WORK TASK
Every record below, from first to last: print it exactly as shown.

(Items from a dataset)
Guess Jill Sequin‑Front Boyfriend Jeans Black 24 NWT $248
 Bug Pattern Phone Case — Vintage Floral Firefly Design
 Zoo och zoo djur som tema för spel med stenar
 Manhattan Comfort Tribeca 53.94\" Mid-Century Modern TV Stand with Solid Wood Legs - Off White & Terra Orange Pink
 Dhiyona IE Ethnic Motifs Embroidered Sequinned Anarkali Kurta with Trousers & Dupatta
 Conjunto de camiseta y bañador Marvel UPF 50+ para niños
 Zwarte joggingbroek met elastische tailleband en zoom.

EXERCISE SOLUTION
Guess Jill Sequin‑Front Boyfriend Jeans Black 24 NWT $248
 Bug Pattern Phone Case — Vintage Floral Firefly Design
 Zoo och zoo djur som tema för spel med stenar
 Manhattan Comfort Tribeca 53.94\" Mid-Century Modern TV Stand with Solid Wood Legs - Off White & Terra Orange Pink
 Dhiyona IE Ethnic Motifs Embroidered Sequinned Anarkali Kurta with Trousers & Dupatta
 Conjunto de camiseta y bañador Marvel UPF 50+ para niños
 Zwarte joggingbroek met elastische tailleband en zoom.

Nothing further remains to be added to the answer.